Com a pandemia, a rotina ficou mais leve. E permitiu mais horas de estudo. “Encaixava o estudo à tarde e à noite, entre os treinos do dia.” Giullia tenta compensar agora o que poderá ser sacrificado no início de 2021, quando terá a terceira e última oportunidade para obter a classificação olímpica. “O último classificatório será em abril do ano que vem. Passei perto nas duas chances anteriores. Por isso tenho muita esperança. Tem tudo para dar certo”, aposta.

Giullia ainda busca a vaga em sua primeira Olimpíada da carreira. Quando era judoca, passou perto de ir para Pequim-2008. Buzacarini, por sua vez, competiu no Rio-2016. Ambos não descartam entrar no novo ciclo olímpico após Tóquio, pensando nos Jogos de Paris-2024. Até lá, eles já devem contar com diplomas e currículos mais recheados.

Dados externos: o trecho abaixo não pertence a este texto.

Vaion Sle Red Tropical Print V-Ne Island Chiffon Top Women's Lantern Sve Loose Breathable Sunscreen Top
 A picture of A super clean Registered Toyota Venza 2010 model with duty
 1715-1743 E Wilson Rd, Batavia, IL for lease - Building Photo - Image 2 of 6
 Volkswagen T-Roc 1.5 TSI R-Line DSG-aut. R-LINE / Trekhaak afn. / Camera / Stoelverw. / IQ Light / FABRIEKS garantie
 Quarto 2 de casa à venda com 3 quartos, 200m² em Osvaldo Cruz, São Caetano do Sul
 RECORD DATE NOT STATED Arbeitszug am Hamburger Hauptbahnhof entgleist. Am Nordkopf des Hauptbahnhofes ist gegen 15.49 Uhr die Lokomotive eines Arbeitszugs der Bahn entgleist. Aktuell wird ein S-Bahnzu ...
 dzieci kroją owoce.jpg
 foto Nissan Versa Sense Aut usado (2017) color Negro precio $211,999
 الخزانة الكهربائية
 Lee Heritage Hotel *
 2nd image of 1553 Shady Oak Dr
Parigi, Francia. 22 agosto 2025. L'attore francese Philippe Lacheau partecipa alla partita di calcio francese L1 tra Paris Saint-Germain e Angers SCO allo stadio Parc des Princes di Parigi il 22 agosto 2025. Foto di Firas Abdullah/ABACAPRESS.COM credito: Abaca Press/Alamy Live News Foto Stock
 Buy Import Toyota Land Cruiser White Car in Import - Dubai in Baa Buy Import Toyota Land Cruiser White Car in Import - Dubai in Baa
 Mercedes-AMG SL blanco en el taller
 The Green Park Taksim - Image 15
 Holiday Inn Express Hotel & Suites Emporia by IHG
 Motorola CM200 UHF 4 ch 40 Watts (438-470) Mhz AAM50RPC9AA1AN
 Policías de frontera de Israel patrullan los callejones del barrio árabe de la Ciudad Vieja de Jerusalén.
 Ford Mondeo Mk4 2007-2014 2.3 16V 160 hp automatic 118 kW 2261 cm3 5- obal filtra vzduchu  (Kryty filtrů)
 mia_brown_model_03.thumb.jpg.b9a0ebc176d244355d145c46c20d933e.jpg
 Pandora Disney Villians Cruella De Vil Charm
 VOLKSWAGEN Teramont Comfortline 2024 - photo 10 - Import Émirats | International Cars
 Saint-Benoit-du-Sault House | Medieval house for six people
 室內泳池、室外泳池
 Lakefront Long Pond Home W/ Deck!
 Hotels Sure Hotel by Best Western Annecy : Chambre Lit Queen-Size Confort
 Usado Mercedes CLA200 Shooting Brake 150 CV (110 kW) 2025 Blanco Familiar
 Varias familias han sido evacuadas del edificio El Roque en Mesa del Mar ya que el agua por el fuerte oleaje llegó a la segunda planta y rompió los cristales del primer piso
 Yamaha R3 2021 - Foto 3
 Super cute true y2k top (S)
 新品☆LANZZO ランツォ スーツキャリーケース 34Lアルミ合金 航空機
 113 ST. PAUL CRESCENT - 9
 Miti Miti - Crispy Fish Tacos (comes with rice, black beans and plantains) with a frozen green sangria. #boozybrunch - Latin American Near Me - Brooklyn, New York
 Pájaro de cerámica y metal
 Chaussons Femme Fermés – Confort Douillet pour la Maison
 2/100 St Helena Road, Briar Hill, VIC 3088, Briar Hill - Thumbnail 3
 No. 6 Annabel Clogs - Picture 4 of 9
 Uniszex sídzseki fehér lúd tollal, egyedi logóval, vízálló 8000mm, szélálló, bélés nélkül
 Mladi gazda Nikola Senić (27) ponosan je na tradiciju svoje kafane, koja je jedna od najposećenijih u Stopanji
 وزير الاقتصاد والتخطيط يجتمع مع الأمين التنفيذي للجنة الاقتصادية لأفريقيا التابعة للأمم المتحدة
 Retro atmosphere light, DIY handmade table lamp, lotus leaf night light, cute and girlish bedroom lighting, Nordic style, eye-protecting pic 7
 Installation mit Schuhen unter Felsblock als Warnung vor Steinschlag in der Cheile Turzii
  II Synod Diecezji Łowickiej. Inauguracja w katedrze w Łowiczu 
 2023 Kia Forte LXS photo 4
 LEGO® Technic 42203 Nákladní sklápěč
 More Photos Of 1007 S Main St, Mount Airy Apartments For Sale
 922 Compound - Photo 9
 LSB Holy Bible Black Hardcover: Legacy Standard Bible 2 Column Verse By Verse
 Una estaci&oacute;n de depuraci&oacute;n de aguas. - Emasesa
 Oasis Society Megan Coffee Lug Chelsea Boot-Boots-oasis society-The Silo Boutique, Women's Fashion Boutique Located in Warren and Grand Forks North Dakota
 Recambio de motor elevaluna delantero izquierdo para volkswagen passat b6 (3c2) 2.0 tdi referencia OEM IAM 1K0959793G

NOVOS PLANOS – Campeão olímpico em Barcelona-92, o diretor-geral do COB, Rogério Sampaio, sentiu na pele as dificuldades de deixar as competições e iniciar uma nova trajetória profissional. Após largar os tatames em 1998, o ex-judoca admite que sofreu para fazer a chamada “transição de carreira”.

“É um período doloroso para o atleta, principalmente para quem dedica às vezes 20, 30 anos ao esporte”, afirma o agora dirigente ao Estadão. Sampaio diz que viu até casos de depressão entre ex-esportistas. “Demora um tempo para perceber que hábitos de 20 anos não vão deixar de acontecer num estalar de dedos. Isso é a transição de carreira. Não é um processo fácil de ser superado.”

Na sua avaliação, há campo suficiente de trabalho para ex-atletas no mercado. “A indústria esportiva é muito grande. Um atleta de carreira longa, com muitas conquistas, tem vivência que não se encontra fácil no mercado de trabalho. Ele será bom para tomar decisões, para gerenciar. O atleta com estas vivências, se se preparar bem, tem campo enorme de atuação.”

Sampaio revela que, além da iniciativa de distribuir bolsas de estudo, o COB vai iniciar projeto para tentar encaixar ex-atletas em empresas. “Começamos a fazer estudo neste sentido para oferecer esta chance ainda neste ano. Queremos oferecer oportunidade de emprego, vamos contratar uma empresa especializada para isso”, afirmou.